Exercise requirements:
Lines from the one with "고백대리 4화． 신경 쓰여! 32" up to and including the one with "3-5月想去日照的存下吧，很难找全的_腾讯新闻" are to be copied exactly from the records below, without their pictures.

*** Opening Information supplied ***

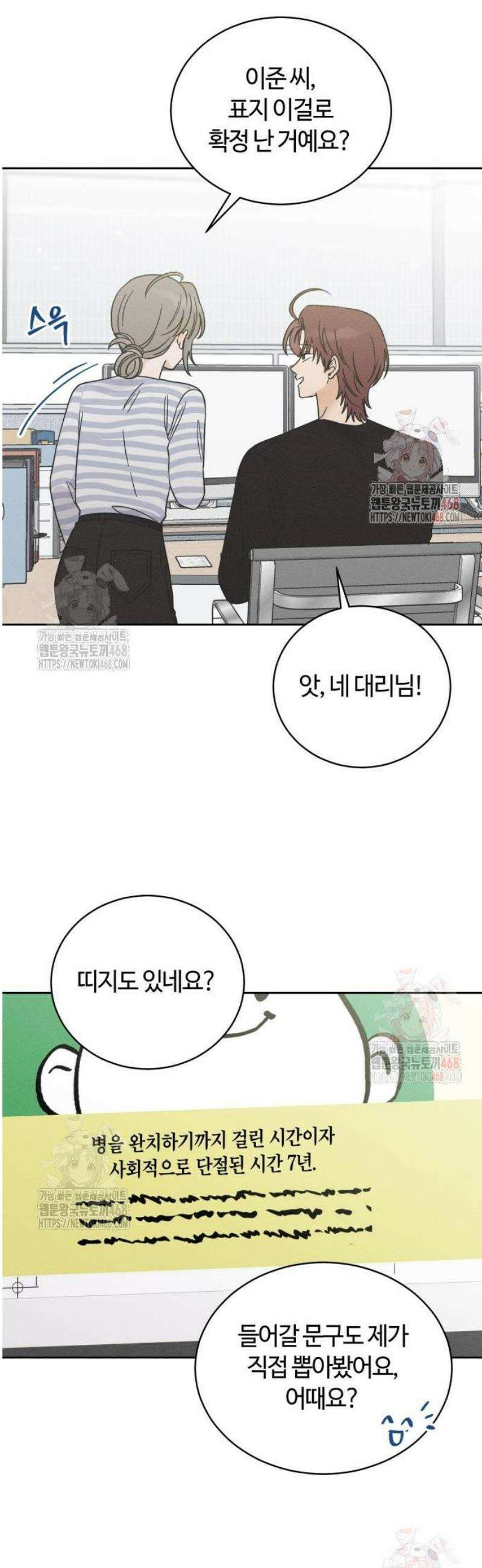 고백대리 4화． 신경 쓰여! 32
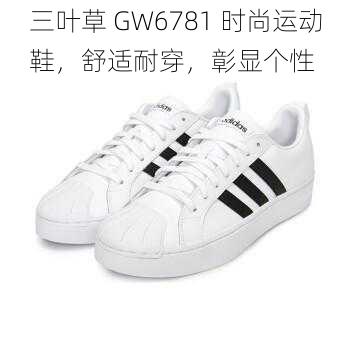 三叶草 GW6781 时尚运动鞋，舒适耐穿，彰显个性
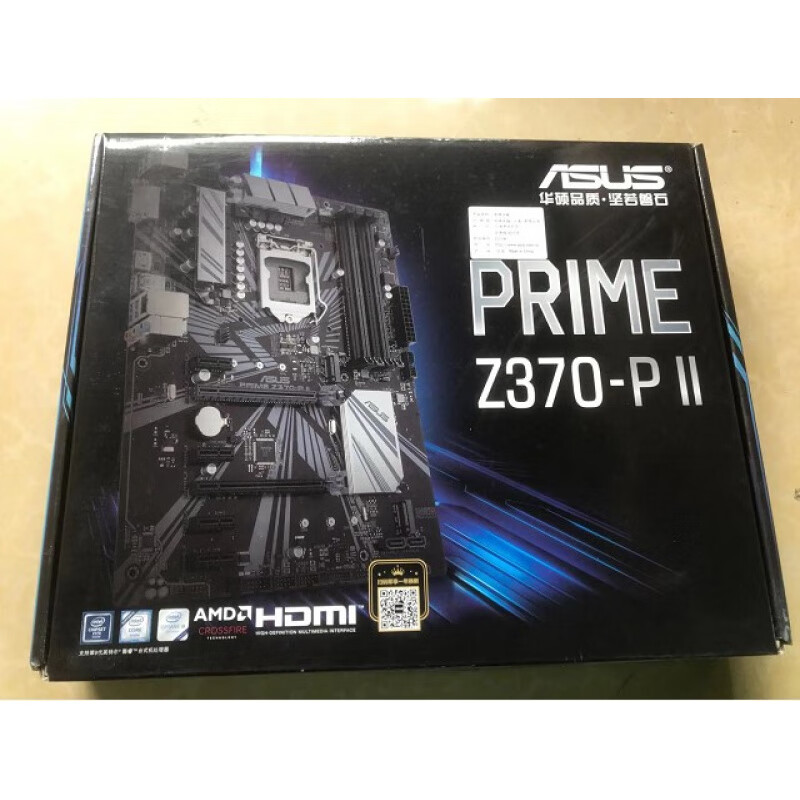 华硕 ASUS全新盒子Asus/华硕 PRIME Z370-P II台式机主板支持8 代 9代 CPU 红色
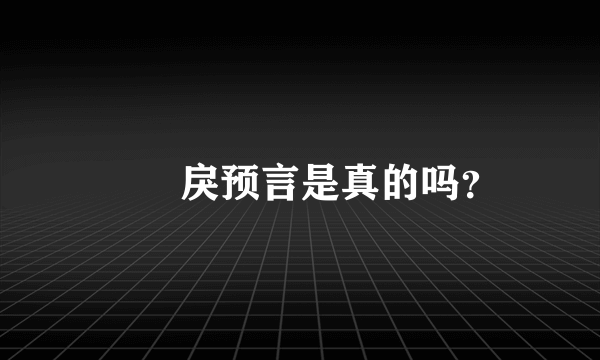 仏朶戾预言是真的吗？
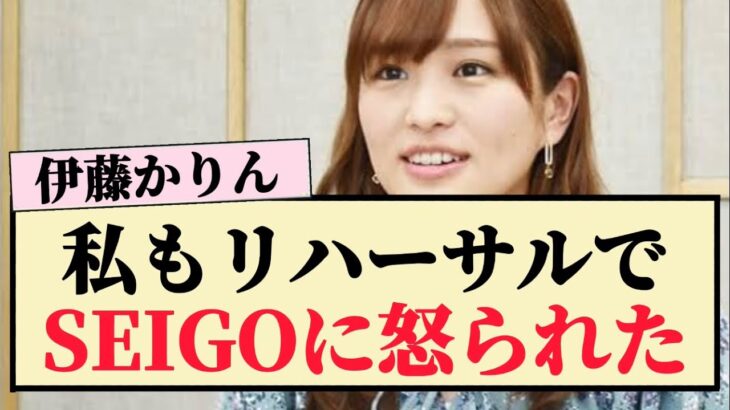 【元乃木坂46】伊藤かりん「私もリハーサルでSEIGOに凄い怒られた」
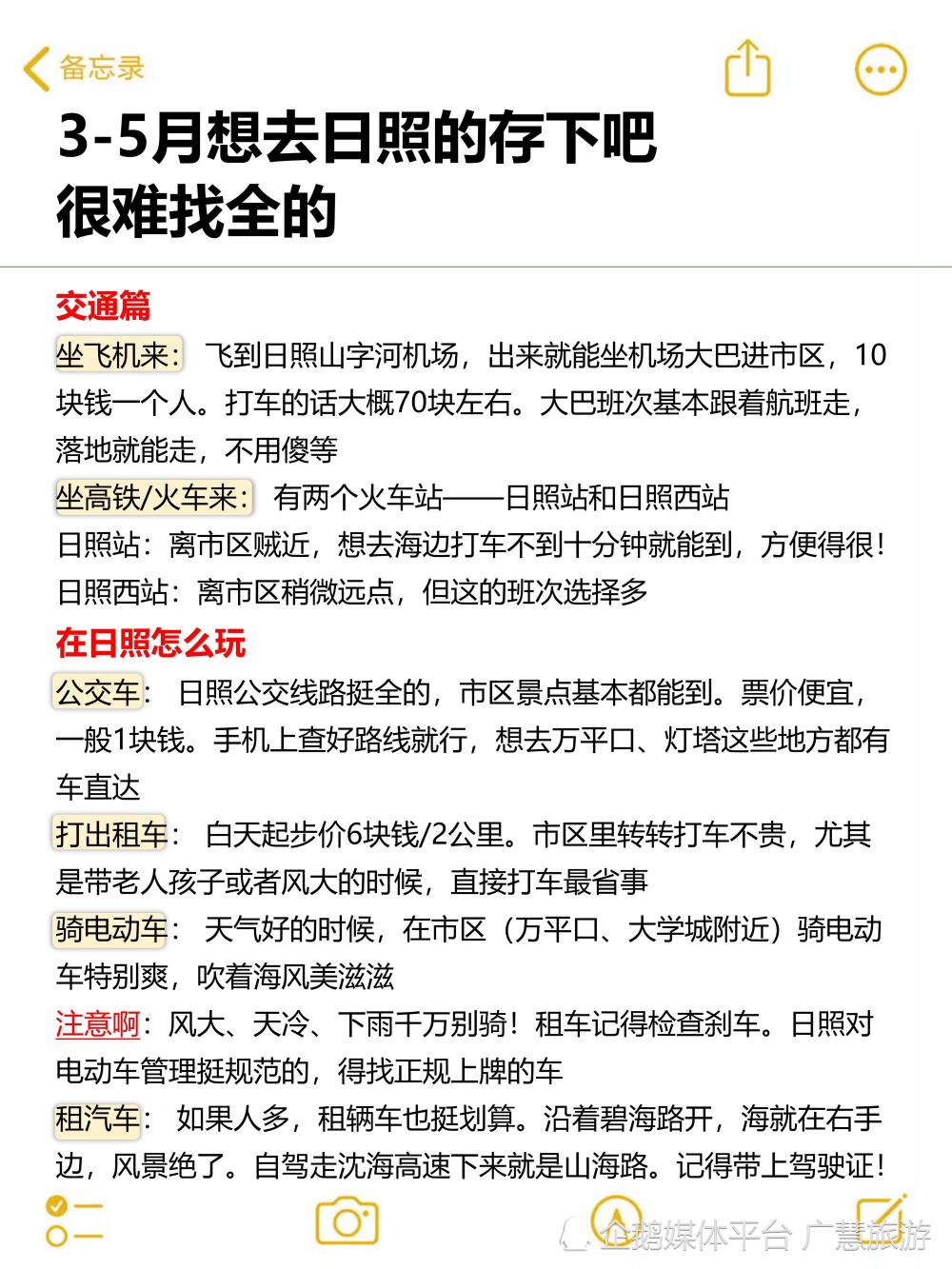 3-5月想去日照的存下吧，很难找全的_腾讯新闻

*** Closing Information supplied ***
*** Opening Information supplied ***

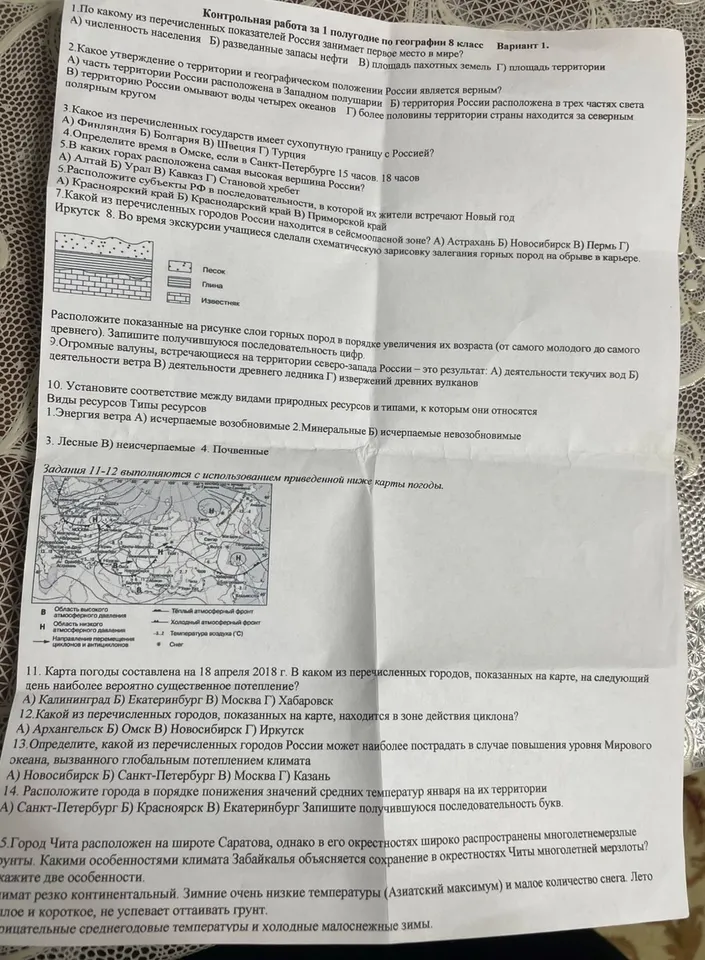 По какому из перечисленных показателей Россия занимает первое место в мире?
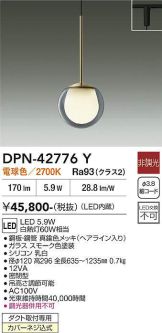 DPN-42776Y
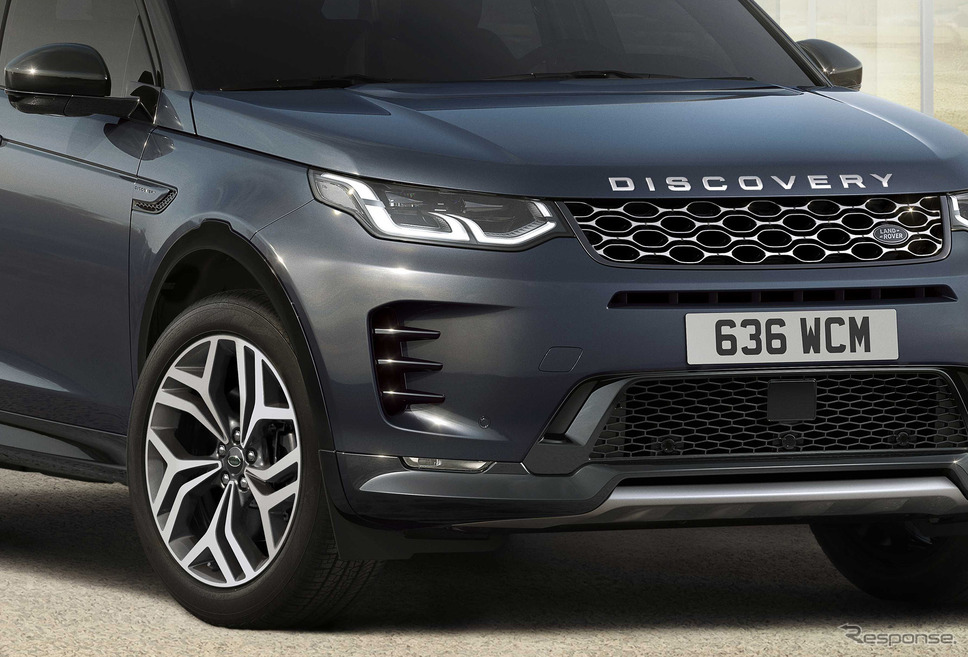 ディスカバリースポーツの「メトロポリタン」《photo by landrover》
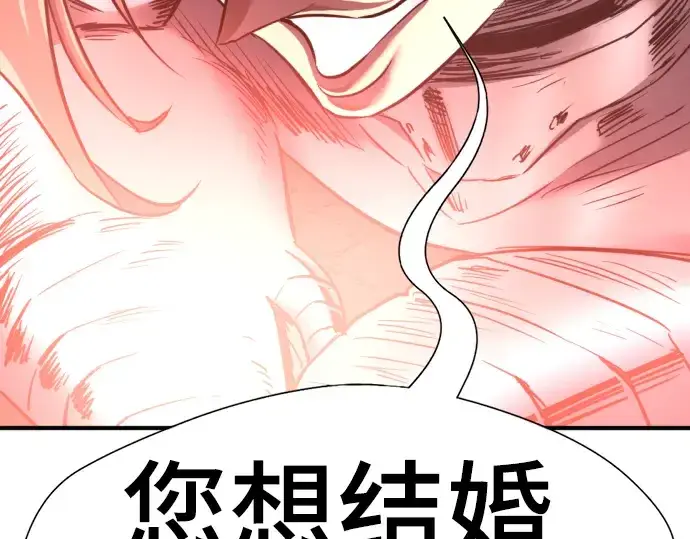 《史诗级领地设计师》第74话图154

*** Closing Information supplied ***

Problem solution:
 고백대리 4화． 신경 쓰여! 32
 三叶草 GW6781 时尚运动鞋，舒适耐穿，彰显个性
 华硕 ASUS全新盒子Asus/华硕 PRIME Z370-P II台式机主板支持8 代 9代 CPU 红色
 仏朶戾预言是真的吗？
 【元乃木坂46】伊藤かりん「私もリハーサルでSEIGOに凄い怒られた」
 3-5月想去日照的存下吧，很难找全的_腾讯新闻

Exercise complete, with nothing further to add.